(DATASET EXCERPT):

Segment Open

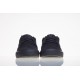 Obuv NIKE SB Shane PRM - DC8902 001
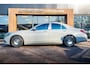 Mercedes-Benz S-klasse 500 4Matic Lang Edition 1 Maybach pakket stoelmassage stoelverwarming stoelventilatie adaptieve cruisecontrol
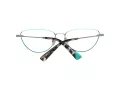 Web Lunettes de Vue WE 5294 014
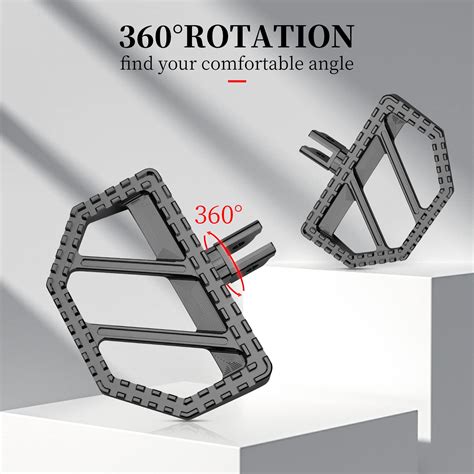 Snapklik.com : Motorcycle Floorboards MX Riot Mini Floorboards Front ...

Segment Closed

(EXERCISE REQUIREMENTS): Return each line above exactly; any pictures are to be skipped.

(OUTPUT OF THE EXERCISE):
 Obuv NIKE SB Shane PRM - DC8902 001
 Mercedes-Benz S-klasse 500 4Matic Lang Edition 1 Maybach pakket stoelmassage stoelverwarming stoelventilatie adaptieve cruisecontrol
 Web Lunettes de Vue WE 5294 014
 Snapklik.com : Motorcycle Floorboards MX Riot Mini Floorboards Front ...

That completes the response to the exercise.